In my dating experience, when I have expressed that I want to wait before we sleep together, I’ve been called a “prude” or “dick-tease”. Men try to flatter me with “but I want you” or “but you’re so hot!” or guilt me with “well why did you even invite me over, then?” *angry huff*.
This has become so normal that I pretty much expect it to be a reality every single time I go on a date. And if the guy doesn’t try to immediately get in my pants, I internally believe that he doesn’t find me attractive.
Let’s just pause there for a moment. This has become so “normal” that if a guy doesn’t want to immediately screw me, he’s either a) a pussy, b) not attracted to me, or c) not really a ‘man’.
Sex has fallen victim to the instant gratification mentality. No longer is it an act to be treasured, valued, or treated with respect. In fact, it is frequently used as an icebreaker, helped along with copious amounts of alcohol.
There is nothing wrong with wanting sex. In fact, I’d say that if you’re in a relationship and a day goes by without it, that’s a sad day. Physical intimacy is an amazing way to connect with your partner while also selfishly enjoying all the personal pleasure that comes with it. And it has been argued that there is a time and place for just using sex for selfish pleasure if that’s what the other person wants as well.
However, you cannot sustain or grow emotional health on sex alone. This is akin to trying to survive on eating nothing but cookies, candy, and cake. Don’t get me wrong-dessert is awesome. One bite of a creamy custard or warm slice of pie can send you in to ecstasies. A life without dessert is a very miserable life, indeed.

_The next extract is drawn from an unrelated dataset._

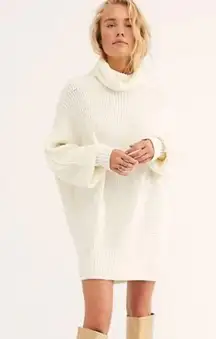 Free People Cocoa Turtleneck Oversized Ivory/Cream Sweater Tunic Dress XS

And yet, imagine your body trying to survive off of a steady diet of ONLY dessert. A constant influx of sugar and simple carbs. Your taste buds may be happy, but your body receives nothing of substance. Your systems begin to function improperly. Obesity starts. Cavities form. The pervading sense of ‘ick’ becomes normal. In short, there is zero physical progress, and in fact, some pretty significant decline.
When you fill up on a good meal, dessert is something that tops it off and sends the experience over the edge. This is because it follows good, real nutrients. You are able to enjoy the indulgence because you have taken care of your basic needs first.

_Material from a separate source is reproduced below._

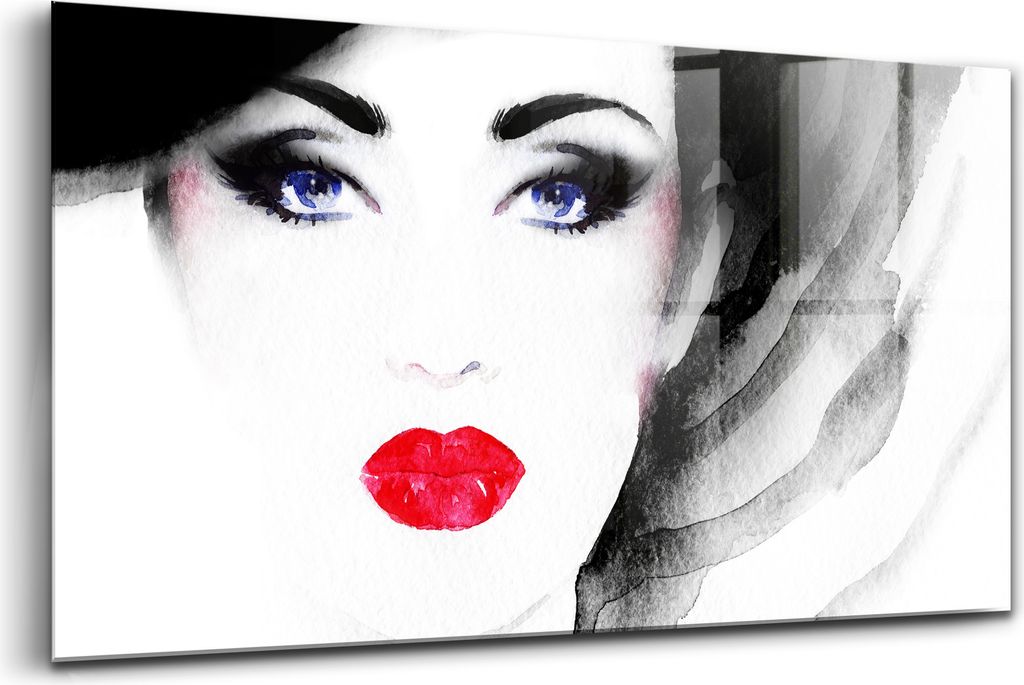 120x60 - Wandmalerei auf Glas- Wanddekoration aus Glas - Porträt einer Frau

This truth is evident in relationships. If you are constantly grabbing just for sex, your relationships will never flourish. Your mental and emotional needs will never receive the building blocks they need from real, honest, person-to-person interaction.
In a relationship, there will be times when you have to eat the broccoli because it’s good for you, not because you want to. You will have to pay attention to how each interaction makes you feel and take the time to make sure that it is all net positive, both for you AND your partner. Just like time-consuming homemade meals are the best for the body, so too are conversations, interactions, and efforts that are given the time and energy they deserve the best for relationships.

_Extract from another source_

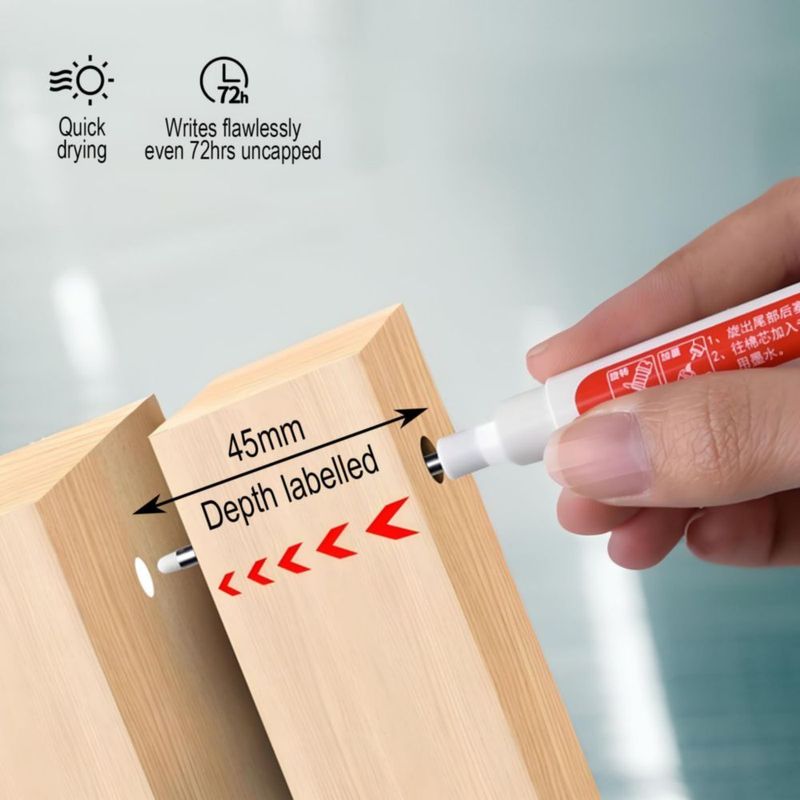 Marcador de punta larga NORXUAZE 2 unidades 45 mm para agujeros profundos – Blanco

Truth be told, you can tell a person’s maturity level by how they regard sex. Just as a child wants to live on Sour Patch Kids alone, a young-minded boy or girl simply wants all of the pleasure of a relationship without the meat. Sadly, both the child and the immature adult have not yet learned of how good you feel both physically and mentally when you feed your body and your emotions what they need to thrive.
A relationship is a privilege. It is an amazing opportunity to weave an unbreakable bond of trust, love, laughter, tears, successes, failures, communication, and most of all, respect.
Respect yourself enough to want the homemade chocolate cake, not the stale store-bought cookies fluorescent with cheap food coloring and crumbling exterior.
Respect yourself enough to wait for someone who appreciates the effort that goes into a three course meal, and who eagerly pitches in to help.
Respect yourself enough to gather the ingredients for a meal yourself, so you don’t show up empty-handed.
Most of all, respect yourself enough to know that dessert tastes sweeter after the meal. Don’t fall victim to the junk food of life; love yourself enough to know that for each shiny, tempting bag of chips, there is a less flashy, more filling pot-roast waiting on the table. And remember, if you fill up on junk food, you often lose your appetite for the good stuff.
And oh, how that good stuff is SO worth the wait.